COP30 marked a pivotal shift from commitments to implementation. With countries expected to submit strengthened NDCs following the Global Stocktake, the discussions in Belém reinforced the urgency of moving from commitments to delivery, particularly on climate adaptation and the mobilisation of finance for vulnerable countries and communities most exposed to climate risk.
Despite its exposure to escalating climate risks, high dependency on nature and communities and its contribution of roughly 10% of global GDP and one in ten jobs (WTTC, 2024), tourism however continues to be insufficiently reflected in national climate strategies.
Yet, the growing visibility of tourism at COP through the second official tourism thematic day (tourism dialogue), signals a recognition of the sector’s importance. Strengthening its role within national and international climate frameworks is essential to ensuring a credible, equitable and resilient transition.
The 2026–2030 window will define the future of tourism. COP30 made one thing clear: the sector must move from commitment to performance — from fragmented action to coordinated, data-enabled, finance-ready, community-rooted systems transformation. Clear messages came out of the day:
Building on the COP29 Declaration for Enhanced Climate Action in Tourism that was adopted by 70 countries, NDCs and NAPs include a growing number of references to tourism. Yet these references remain little actionable and need to be further connected with access to climate finance for implementation. At COP30, the newly established Interinstitutional Working Group on Tourism and Climate Action of UN Tourism’s Executive Council was presented as a mechanism to strengthen the governance of climate action in tourism.

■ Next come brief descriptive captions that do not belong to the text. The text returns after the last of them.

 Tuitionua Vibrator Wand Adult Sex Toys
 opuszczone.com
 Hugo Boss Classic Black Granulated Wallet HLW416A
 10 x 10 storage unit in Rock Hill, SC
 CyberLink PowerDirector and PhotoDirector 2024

Tourism is increasingly visible in the negotiations, but there is still so much work to do. – Jorge Laguna Celis (One Planet Network, UNEP)

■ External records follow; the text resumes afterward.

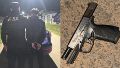 Nair P. llevaba una Bersa 9 milímetros.
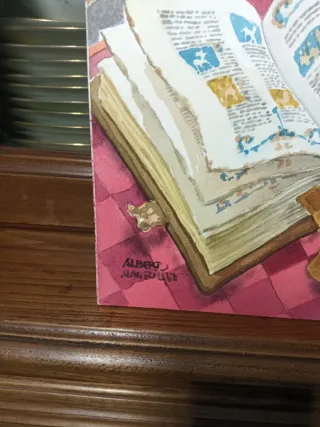 Cuadro de Alberto Manrique 50x35cm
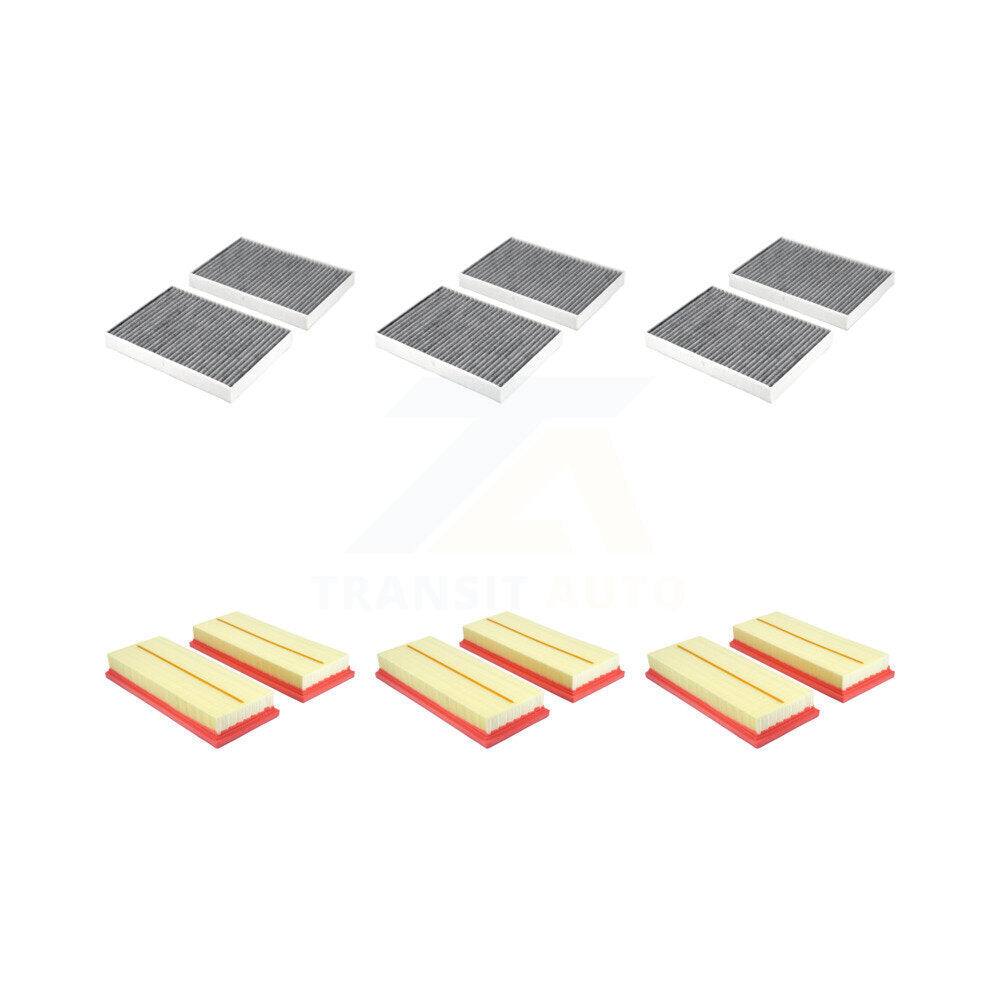 PUR KFL-103459 Air Filter for 2011-2014 Mercedes-Benz CL63 AMG, Mercedes-Benz S550 and More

Governments and businesses have a moral obligation to lead. The climate crisis is no longer a distant threat, and the decisions we make today will echo across generations. – Susanne Etti (Intrepid Travel)

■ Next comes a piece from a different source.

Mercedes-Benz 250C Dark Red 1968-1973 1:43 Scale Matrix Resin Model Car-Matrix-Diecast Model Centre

Across panels, speakers stressed that tourism is on the frontline of climate change: heatwaves, biodiversity loss, water stress, extreme weather, and ecosystem degradation are already reshaping destinations. Adaptation is where climate, biodiversity and communities meet — and where tourism can play a leading role by supporting nature restoration, local economies, and climate-risk preparedness. Speakers stressed that adaptation requires locally driven, community-centred action and that communities most vulnerable to climate change must be at the heart of climate planning. At COP30 tourism was recognised as one of the sectors with high potential for stewarding forests, oceans and biodiversity – one of the key objectives of the Action Agenda.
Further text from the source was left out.